Simulations of atmospheric carbonation of concrete intermediate-low level waste cell components were conducted to evaluate potential chemical degradations affecting these components during the operating period of a radioactive waste repository in a deep Callovo-Oxfordian clay layer. Two-phase liquid water-air flow is combined with gas components diffusion processes, leading to a progressive drying of the concrete and an array of chemical reactions affecting the cement paste. The carbonation process depends strongly on the progression of the drying front inside the concrete, which in turn is sensitive to the initial water saturation and to nonlinear effects associated with permeability and tortuosity phenomenological laws.

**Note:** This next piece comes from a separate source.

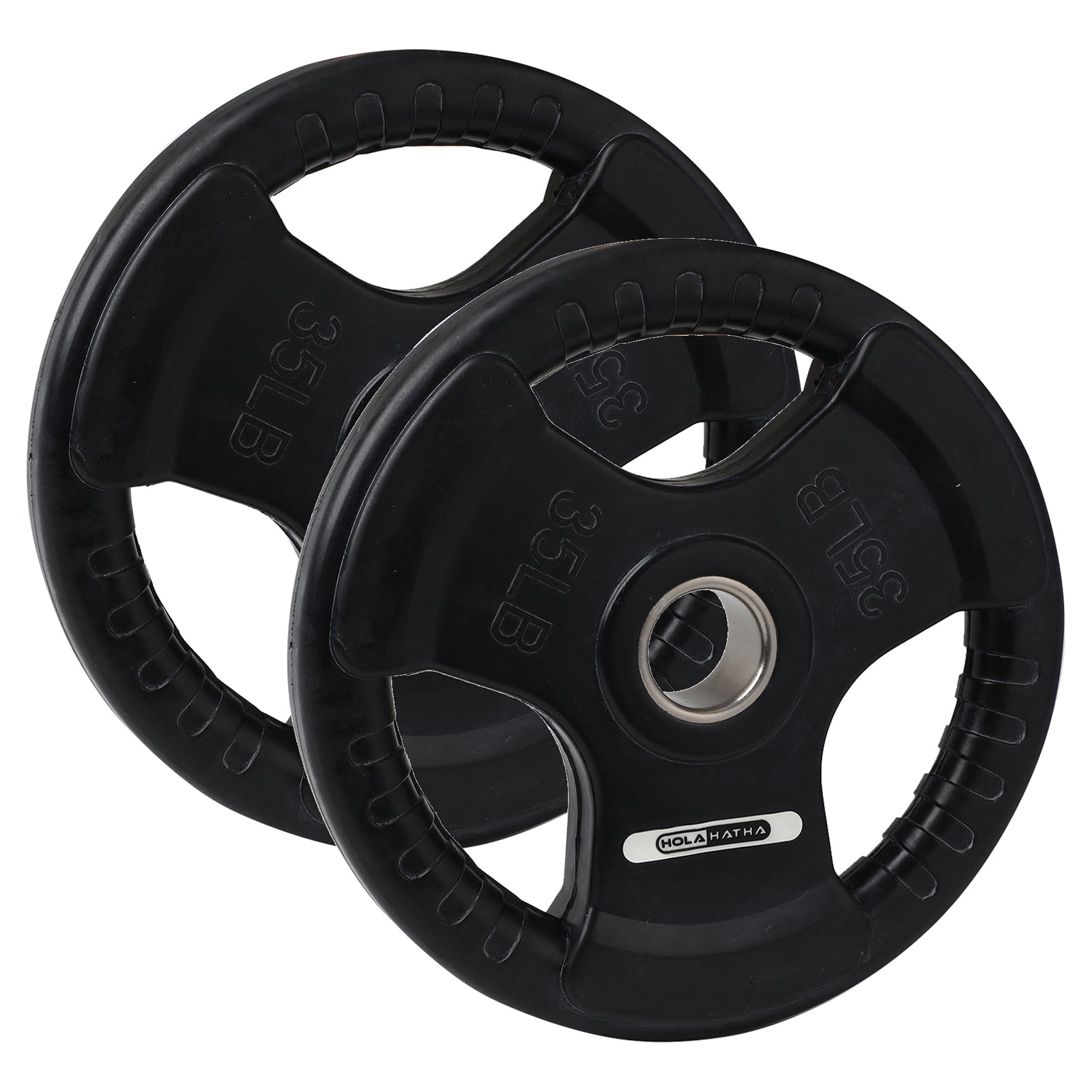 HolaHatha 35 Pound Olympic Rubber Coated Weight Plate w/ Handle, Black (2 Pack) - VMInnovations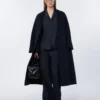 Flared wool coat, midnightblue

Results obtained with a modified version of ToughReact-EOS4 to represent realistic tortuosity evolution of materials with clogging and saturation are presented and commented upon. Strong porosity clogging of the carbonated concrete is not observed in the simulations; slight porosity opening is in general predicted, except for high initial liquid saturation of the concrete, in which case a moderate porosity reduction is found. Carbonation depths on the order of 0.6 to 1.1 × 10-3 myr-1 are predicted for cementitious components. However, these values are probably overestimations both in depth and intensity of carbonation. The model of cement drying needs some revision to correctly weight diffusion control in the discretized representation of the cement/air boundary. Also, the kinetic model of mineral reactivity needs improvements with respect to the influence of liquid saturation on reaction rates, which are actually strongly decreased in dry materials, and with respect to the protective effect of secondary carbonates.